Overnight, the boycott became free publicity. From what I read, Bokku Mart gained thousands of followers. Shoppers queued for its bread and groceries. The slur that should have humbled a brand ended up boosting its visibility.
It’s an irony that says a lot about who we are becoming: a people more loyal to their tribe than to the truth.
The difference between a civil society and a dangerous one lies in how it reacts to its own ugliness. Mature democracies understand this, which is why public figures who make racist or bigoted remarks are expected to resign or apologise. This is not necessarily because everyone believes in their sincerity, but because the act itself reaffirms a moral boundary.
Those rituals matter. They remind society that certain things are never acceptable, no matter who says them.
Nigeria desperately needs that line again.
When brands like Bokku cross boundaries or when politicians erase them, it falls to ordinary citizens like us to redraw them.

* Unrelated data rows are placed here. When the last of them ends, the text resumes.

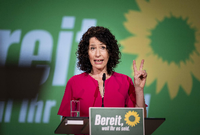 Bettina Jarasch ist die Spitzenkandidatin für die Grünen in Berlin. Ihr Konkurrent Kai Wegner von der CDU liegt nur noch knapp hinter ihr. Foto: Felix Zahn/ imago images
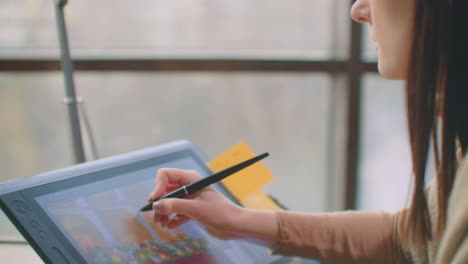 Mujer-Joven-Sentada-En-Su-Escritorio,-Está-Dibujando,-Escribiendo-Y-Usando-Un-Bolígrafo-Con-Una-Tableta-Digital.-Manos-Con-Pluma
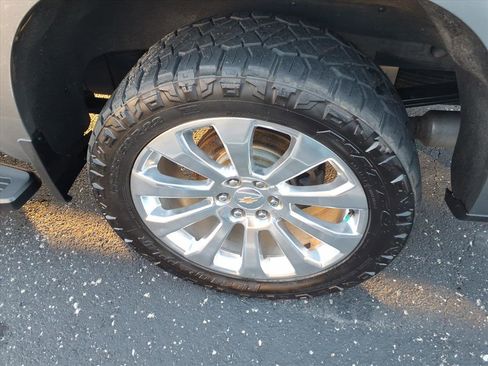 Used 2022 Chevrolet Silverado 1500 High Country image 7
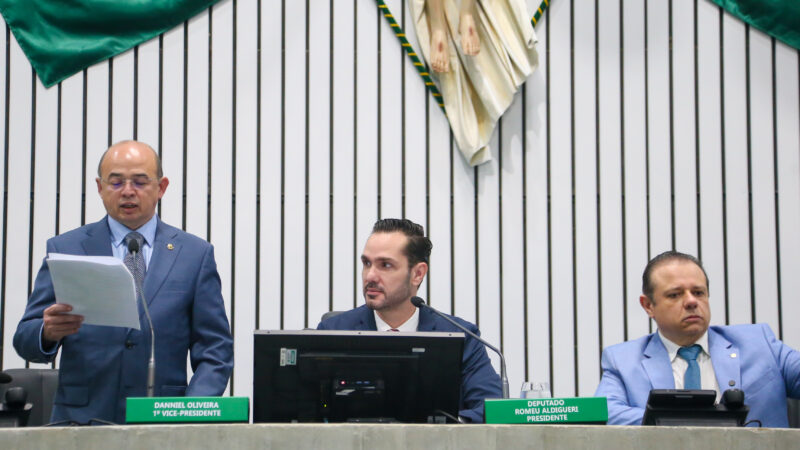 Dezoito projetos de parlamentares iniciam tramitação na Alece nesta terça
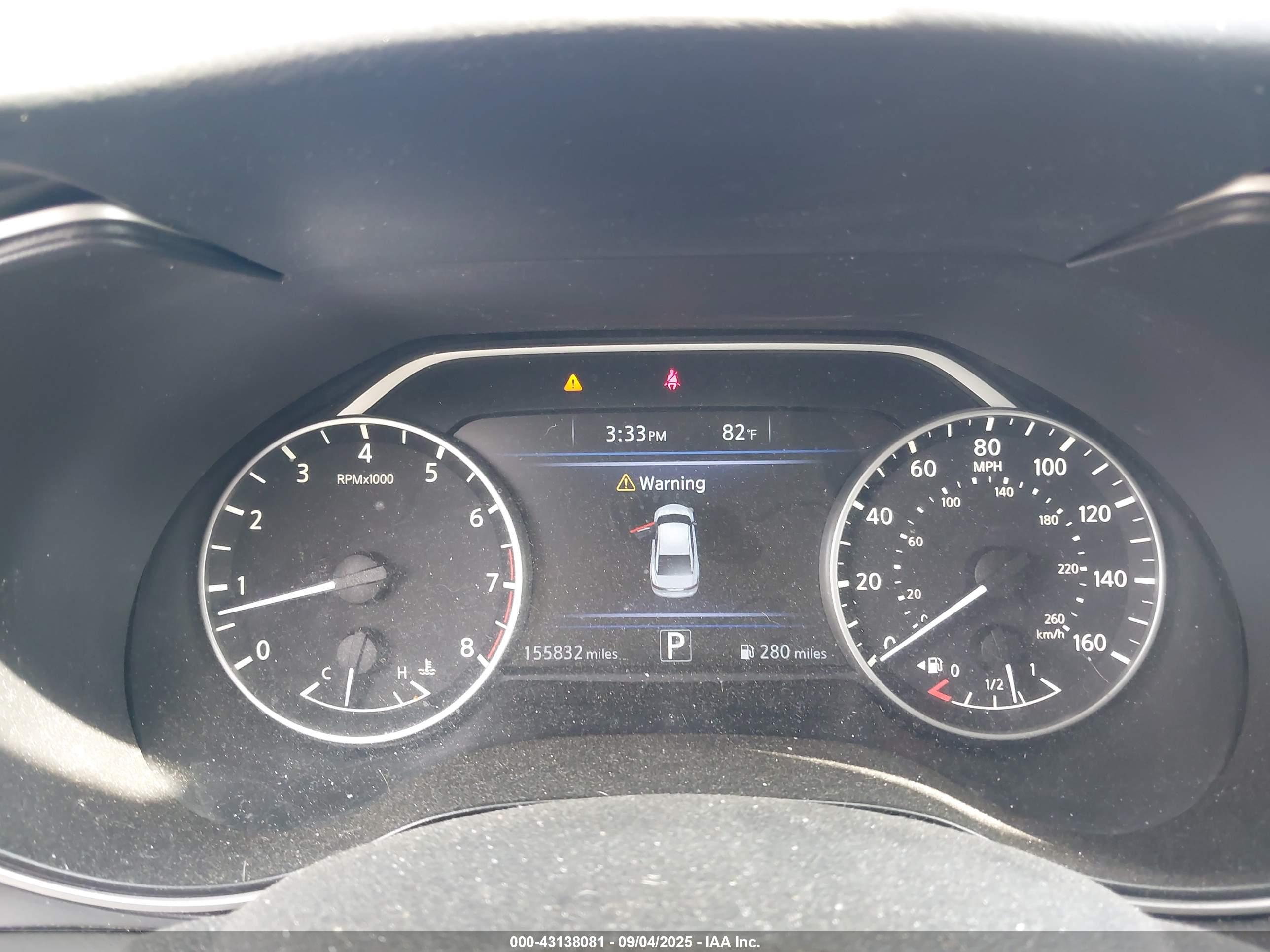 NISSAN MAXIMA image 7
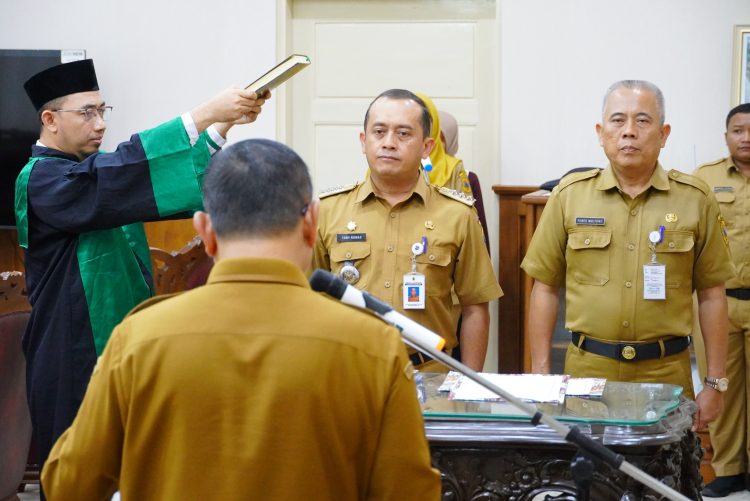 Peningkatan Layanan Masyarakat, Bupati Sudewo Lantik Dua Pejabat Baru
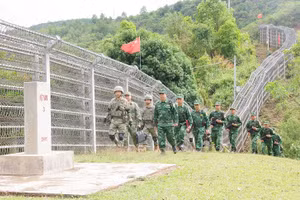 Bộ đội Biên phòng Điện Biên và bộ đội biên phòng Vân Nam (Trung Quốc) phối hợp tuần tra đoạn tuyến biên giới Việt Nam-Trung Quốc do hai bên quản lý.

To insist that we can disagree politically or culturally without resorting to ethnic hatred.
The actual test of Nigeria’s unity is not in singing the anthem together during Super Eagles matches or flying the same flag during Independence Day celebrations. It is in whether we can resist the temptation to dehumanise one another in moments of anger.
The Bokku case should never have happened, but now that it has, it must serve as a national reminder that bigotry is not culture. It is cowardice disguised as pride.
And no matter how many followers it wins on social media, it will always make the country poorer.
Because a nation cannot prosper when its people see each other as enemies.